According to the philosopher Vilém Flusser, history---in the traditional sense of a record of events---begins with writing. As such, writing created a linear, historical consciousness. This allowed us to see events as part of a process that is manipulable by humans, outside of divine intervention. Before the technology of writing, a propriocentric notion of the world dominated human consciousness; perceived through the senses, immediate and without what we think of as history, which comes from the ability to store memory in texts. Flusser adds that “Those who use texts to understand the world, those who ‘conceive’ it, mean a world with a linear structure”.1

In pre-literate cultures, such as in Ancient Greece, songs were stitched together into rhapsodies.2 Before literacy, texts existed as oratories, plays, epics, proclamations and dialogues; mostly oral forms. The nature of text is to knit together communication. In literate cultures texts become textiles, tapestries that form cultural narratives.

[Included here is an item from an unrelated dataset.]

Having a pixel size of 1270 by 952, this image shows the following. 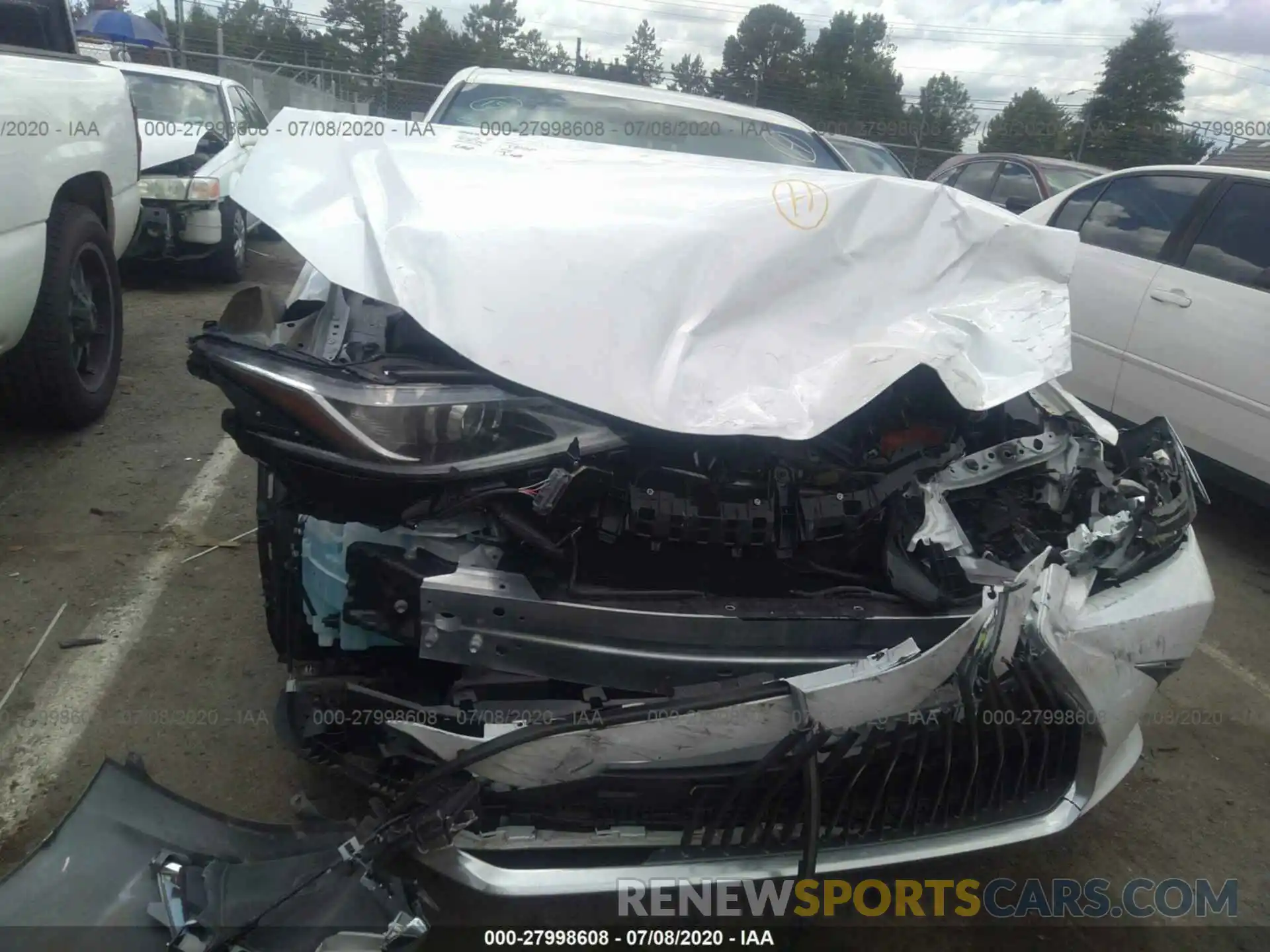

Image: The Rosetta Stone, a tablet discovered in 1799, inscribed with three versions of a decree written in Ancient Egyptian and Ancient Greek

  1. Vilém Flusser ‘The Future of Writing’, from Flusser, V. and Ströhl, A. (2002) Writings. Electronic mediations v. 6. Minneapolis: University of Minnesota Press. 

  2. Ong, W.J. and Hartley, J. (2012) Orality and Literacy: the technologizing of the word. Orality and literacy. 30th anniversary ed.; 3rd ed. London ; New York: Routledge.